Washington (AP) - The federal government began the new budget year with a deficit that fell 20 percent from a year ago but still the third highest October imbalance on record.
The Treasury Department said Wednesday that last month's deficit totaled $140.4 billion, down by $35.9 billion from the record holder for the month, an imbalance of $176.4 billion in October 2009.
Even with the improvement, the red ink last month set the stage for what is expected to be a third consecutive year of $1 trillion-plus deficits. The flood of red ink contributed to a political backlash that cost Democrats dearly in last week's elections.
The decline in the October deficit compared with a year ago reflected a 7.9 percent rise in revenues, a gain that partly reflected higher payments by the Federal Reserve to the Treasury on its holdings.

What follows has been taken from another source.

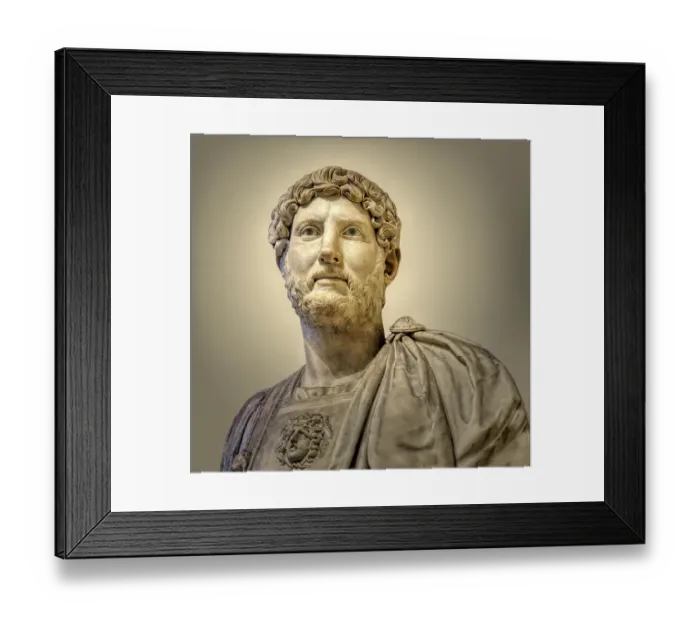 Framed Print : Hadrian or Publius Aelius Hadrianus Augustus, 76 - 138, Roman emperor, digitally edited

The Fed's holdings of government and corporate debt have ballooned as the central bank has worked to protect the financial system and jump-start economic growth. Last week, the Fed announced it planned to pump an additional $600 billion into the financial system over the next eight months in an effort to boost a sluggish economic recovery.
Government outlays fell by 8.1 percent this October compared with a year ago, but a large part of that improvement reflected a calendar shift. Because Nov. 1 fell on a weekend a year ago, various government benefit payments were made in October that year, boosting the deficit for that month.

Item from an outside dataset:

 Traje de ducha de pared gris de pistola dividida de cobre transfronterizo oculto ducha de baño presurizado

Last year's federal deficit totaled $1.29 trillion, second highest in history, down from the all-time record of $1.42 trillion set in 2009. The government's budget year begins on Oct. 1 and ends on Sept. 30.

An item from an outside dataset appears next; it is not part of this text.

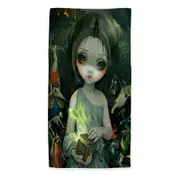 Gothic Scary Art Girl Opened the Pandora Box Microfiber Beach Towel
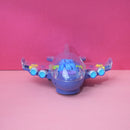 Transparent Airplane with Colorful Moving Gears, Music, and LED Effects.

The Obama administration in July forecast that the deficit for the current 2011 budget year would be $1.42 trillion, but many private economists believe the figure will be slightly lower.
Major securities firms who handle the government's debt projected last week that the 2011 deficit would total $1.2 trillion, marking the third straight year that the deficit will be above $1 trillion. The firms forecast a $1.02 trillion deficit for 2012.
As a percentage of the total economy, the 2009 deficit represented 10 percent of the gross domestic product, the highest amount since it stood at 21.5 percent in 1945, when the country was borrowing heavily to fight World War II. The 2010 deficit was the second highest over the past 65 years at 8.9 percent of
Last year, the government had to borrow 37 cents out of every dollar it spent as tax revenues lagged, even as spending on food stamps and unemployment benefits surged for a nation languishing in recession.
President Barack Obama and other Democrats argued that the government had to spend large amounts of money on an economic stimulus and to stabilize the banking system to prevent an even more disastrous economic downturn.
But Republicans won enough seats to take control of the U.S. House with the argument that government spending has been ineffective in combatting the recession while unemployment is stuck at painfully high levels.